Se os dois assinam, é porque, do ponto de vista deles, aquilo vale a pena. É um contrato, e contrato é vontade. E a vontade não precisa de aval externo. Precisa apenas das partes interessadas. O Estado custuma confundir “proteger” com “controlar”.

A burocracia imposta às empresas, muitas vezes, nasce com discurso bonito: “proteger o trabalhador”, “garantir justiça”, “equilibrar forças”. Mas na prática, o que acontece com frequência é outra coisa: o Estado substitui a vontade dos indivíduos por regras padronizadas, criadas longe da realidade de cada empresa e de cada pessoa.

Isso gera três efeitos comuns: Encarece e dificulta contratar: o empregador passa a temer o custo e o risco jurídico, reduz oportunidades: menos contratação formal, menos vagas, menos portas abertas para quem está começando, cria ressentimento: porque quando o acordo deixa de ser livre e vira “imposição”, alguém se sente obrigado — e obrigação forçada não gera cooperação, gera conflito.

Pense no casamento. Quem decide com quem casar são os dois. É a vontade livre e soberana de cada um. Quando isso vira imposição — quando alguém “manda” ou “proíbe” — já não é união; é dominação. E dominação nunca produz harmonia; produz medo, fingimento e revolta.

Com o trabalho e com os contratos acontece o mesmo: se duas partes querem firmar um acordo, isso deveria ser respeitado como expressão de liberdade e responsabilidade. O que dá legitimidade ao contrato não é um carimbo; é o consentimento. Troca voluntária cria ganhos mútuos; coerção cria perdedores emocionais, ambos ganham — porque, se um lado estivesse perdendo, ele recusaria.

Já a coerção do Estado, mesmo quando “ganha” no papel, quase sempre perde no espírito. Porque alguém foi obrigado, alguém foi impedido, alguém foi tratado como incapaz de decidir por si. E quando você tira das pessoas a autonomia de escolher, você não cria justiça: você cria ressentimento. O ressentimento é o “imposto invisível” da coerção: ele aparece como informalidade, desconfiança, sabotagem, judicialização, queda de produtividade e polarização permanente.

Iniciativa privada é cooperação espontânea, não uma guerra social. A iniciativa privada não é um monstro. Ela é, no cotidiano, o que mantém a sociedade funcionando: alguém abre um pequeno negócio e gera renda para sua família;
alguém contrata porque precisa produzir; alguém aceita um trabalho porque quer progredir; alguém compra porque quer resolver um problema.

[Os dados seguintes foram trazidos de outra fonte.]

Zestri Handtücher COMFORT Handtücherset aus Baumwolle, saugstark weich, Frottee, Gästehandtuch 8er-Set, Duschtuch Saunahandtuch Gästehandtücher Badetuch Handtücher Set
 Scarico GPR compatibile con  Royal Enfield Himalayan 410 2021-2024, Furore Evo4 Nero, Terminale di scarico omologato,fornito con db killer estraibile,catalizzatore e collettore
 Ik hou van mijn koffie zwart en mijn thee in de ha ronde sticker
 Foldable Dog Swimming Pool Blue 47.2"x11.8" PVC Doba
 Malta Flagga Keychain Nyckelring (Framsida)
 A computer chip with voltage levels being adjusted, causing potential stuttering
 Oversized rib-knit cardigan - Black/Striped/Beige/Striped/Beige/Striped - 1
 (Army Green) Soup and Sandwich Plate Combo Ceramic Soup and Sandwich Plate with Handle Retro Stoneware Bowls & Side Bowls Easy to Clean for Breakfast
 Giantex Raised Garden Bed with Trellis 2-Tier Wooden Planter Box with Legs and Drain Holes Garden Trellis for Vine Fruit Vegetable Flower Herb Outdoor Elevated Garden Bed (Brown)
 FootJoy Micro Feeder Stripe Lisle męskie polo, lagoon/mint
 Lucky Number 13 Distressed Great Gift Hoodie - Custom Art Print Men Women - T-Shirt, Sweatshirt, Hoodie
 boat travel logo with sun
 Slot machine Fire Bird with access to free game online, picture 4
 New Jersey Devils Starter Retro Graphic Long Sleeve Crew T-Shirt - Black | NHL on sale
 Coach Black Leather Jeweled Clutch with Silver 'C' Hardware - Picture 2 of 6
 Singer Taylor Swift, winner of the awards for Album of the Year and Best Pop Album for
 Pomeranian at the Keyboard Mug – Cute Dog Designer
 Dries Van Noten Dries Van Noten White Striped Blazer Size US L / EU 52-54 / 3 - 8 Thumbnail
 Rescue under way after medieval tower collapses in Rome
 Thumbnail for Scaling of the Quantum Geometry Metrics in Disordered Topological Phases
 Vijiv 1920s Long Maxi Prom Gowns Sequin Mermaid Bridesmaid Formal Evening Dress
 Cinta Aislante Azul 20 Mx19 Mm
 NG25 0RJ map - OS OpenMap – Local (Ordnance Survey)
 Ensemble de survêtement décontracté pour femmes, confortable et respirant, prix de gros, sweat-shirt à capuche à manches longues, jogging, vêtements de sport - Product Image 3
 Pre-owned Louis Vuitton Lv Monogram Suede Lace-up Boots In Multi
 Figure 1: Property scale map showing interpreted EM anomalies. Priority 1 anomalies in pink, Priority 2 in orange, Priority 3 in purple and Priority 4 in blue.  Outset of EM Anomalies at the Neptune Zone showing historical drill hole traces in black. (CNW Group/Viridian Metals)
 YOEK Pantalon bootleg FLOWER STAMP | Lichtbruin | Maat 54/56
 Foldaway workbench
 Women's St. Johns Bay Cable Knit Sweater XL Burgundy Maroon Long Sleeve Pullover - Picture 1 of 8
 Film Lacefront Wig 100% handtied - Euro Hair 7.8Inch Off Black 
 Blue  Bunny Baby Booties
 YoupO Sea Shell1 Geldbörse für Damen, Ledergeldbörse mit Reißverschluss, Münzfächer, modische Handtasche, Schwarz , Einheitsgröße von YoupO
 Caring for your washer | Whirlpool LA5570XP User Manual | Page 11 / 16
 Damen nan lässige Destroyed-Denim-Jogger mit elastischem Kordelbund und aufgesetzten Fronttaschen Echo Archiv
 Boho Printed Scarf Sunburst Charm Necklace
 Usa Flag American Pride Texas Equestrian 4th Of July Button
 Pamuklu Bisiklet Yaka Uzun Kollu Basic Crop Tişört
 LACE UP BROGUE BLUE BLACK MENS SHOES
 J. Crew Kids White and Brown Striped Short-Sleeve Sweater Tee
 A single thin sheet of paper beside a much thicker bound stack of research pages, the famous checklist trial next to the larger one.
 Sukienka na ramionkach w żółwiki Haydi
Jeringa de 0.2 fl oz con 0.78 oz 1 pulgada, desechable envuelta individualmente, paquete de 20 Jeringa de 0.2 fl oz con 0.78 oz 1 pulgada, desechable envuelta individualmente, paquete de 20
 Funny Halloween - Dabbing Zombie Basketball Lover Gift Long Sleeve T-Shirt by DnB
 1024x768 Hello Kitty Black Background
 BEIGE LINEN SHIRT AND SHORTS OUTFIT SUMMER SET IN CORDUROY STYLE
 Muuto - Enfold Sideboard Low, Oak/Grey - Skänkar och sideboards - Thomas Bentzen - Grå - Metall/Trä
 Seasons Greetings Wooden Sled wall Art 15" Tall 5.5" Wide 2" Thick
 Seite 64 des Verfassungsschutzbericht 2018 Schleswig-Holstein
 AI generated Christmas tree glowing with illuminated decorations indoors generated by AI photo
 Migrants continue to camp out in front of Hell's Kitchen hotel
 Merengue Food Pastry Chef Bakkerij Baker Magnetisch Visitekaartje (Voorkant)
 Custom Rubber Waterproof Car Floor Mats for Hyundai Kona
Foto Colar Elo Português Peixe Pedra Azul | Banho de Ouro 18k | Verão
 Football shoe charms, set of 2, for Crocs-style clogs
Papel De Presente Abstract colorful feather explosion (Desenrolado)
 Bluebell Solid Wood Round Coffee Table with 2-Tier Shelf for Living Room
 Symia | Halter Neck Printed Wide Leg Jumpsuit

É cooperação, não guerra. O ponto central é simples: a economia saudável não é a que tem mais ordens, e sim a que tem mais acordos.

Conclusão: liberdade não é ausência de responsabilidade; é o início dela. Quando o Estado invade tudo, ele infantiliza a sociedade: transforma cidadãos em dependentes de regra e permissão. Já a liberdade contratual faz o contrário: obriga cada um a pesar escolhas, assumir riscos e arcar com consequências.

E essa é a base moral da iniciativa privada: o “sim” só é digno quando existe o “não”.

 

Os textos publicados nesta seção “Pensamento Plural” são de responsabilidade de seus autores e não refletem, necessariamente, a opinião do Blog.